THE PRINCE of Wales acted as a secret intermediary between the German Chancellor, Helmut Kohl, and John Major during the wave of anti-German feeling in Britain earlier this year.

During a visit to Bonn on 19 March, the Independent on Sunday has learned, the Prince spent an hour with the Chancellor discussing how to calm the anger following the collapse of sterling on Black Wednesday, the previous September.

The Prince then wrote to the Prime Minister about the talks. Mr Major responded with a warm letter of thanks.

The Prince's intervention came at a time of strained relations between the two governments after Mr Major and Norman Lamont openly blamed the refusal of the Bundesbank to make significant cuts in German interest rates for the collapse of the pound and its exit from the Exchange Rate Mechanism.

There was also considerable resentment in Downing Street over German policy in the former Yugoslavia and over the European Fighter Aircraft Project.

The antagonism reached its zenith when, in October last year, the German ambassador, Baron Herman von Richthofen, leaked a confidential document drawn up by the then Bundesbank president, Dr Helmut Schlesinger, which dismissed Mr Lamont's claims of German culpability for Black Wednesday, and laid the blame on London for rejecting a previous offer to devalue.

The leak occurred as Chancellor Kohl and Mr Major were attempting to patch things up. Douglas Hurd, the Foreign Secretary, was in Bonn meeting the German Foreign Minister, Klaus Kinkel.
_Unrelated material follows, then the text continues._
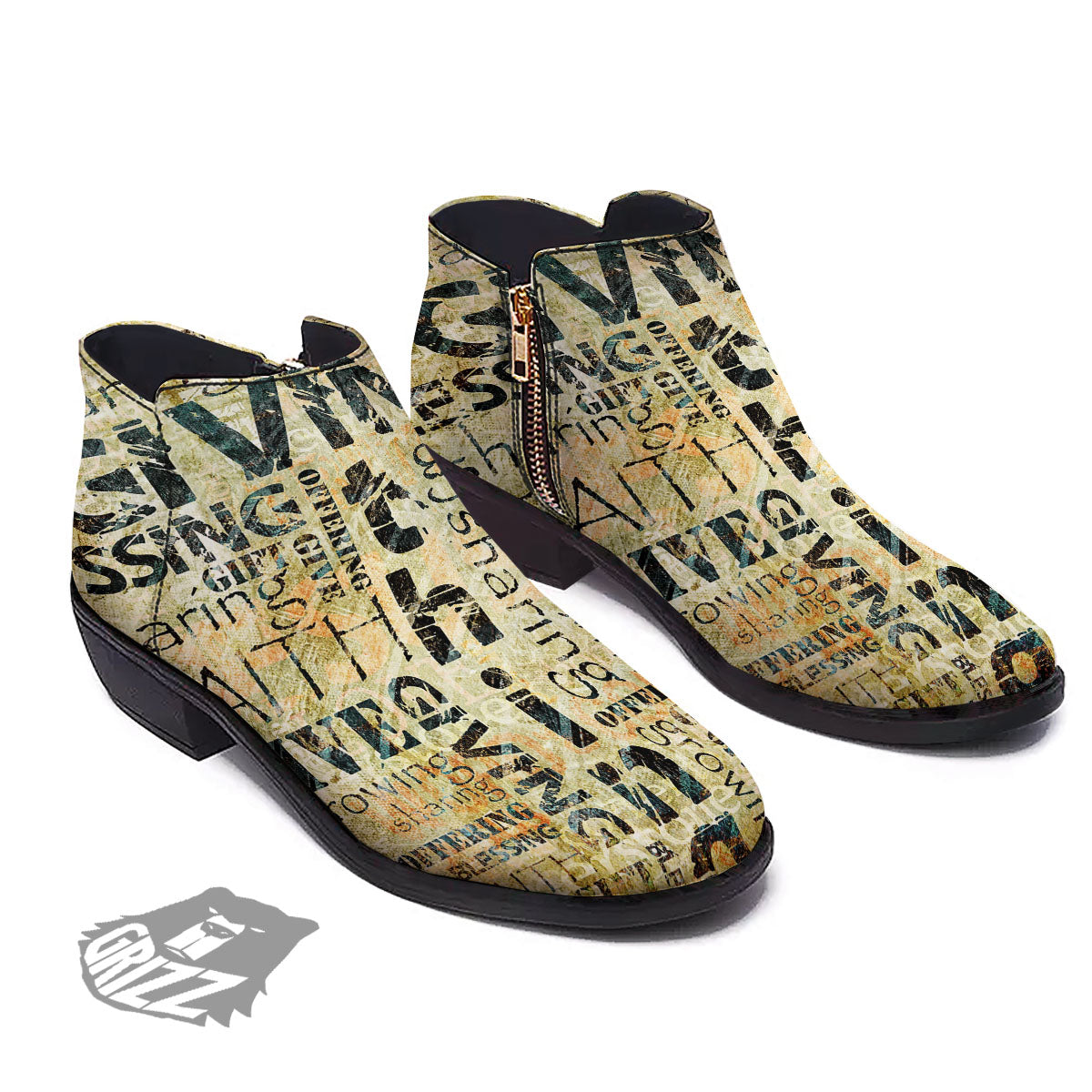 Religious Words Tithing And Giving Print Ankle Boots-grizzshop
Two months later, Chancellor Kohl, while attending the Edinburgh European Community summit, invited the Prince to visit him. Media attention on the private meeting in March was deflected by the presentation to the Prince of an award, the 'Ecological Eagle'. 'It is thought that the Prince's role in restoring relations has been immeasurable,' one of his confidants said yesterday.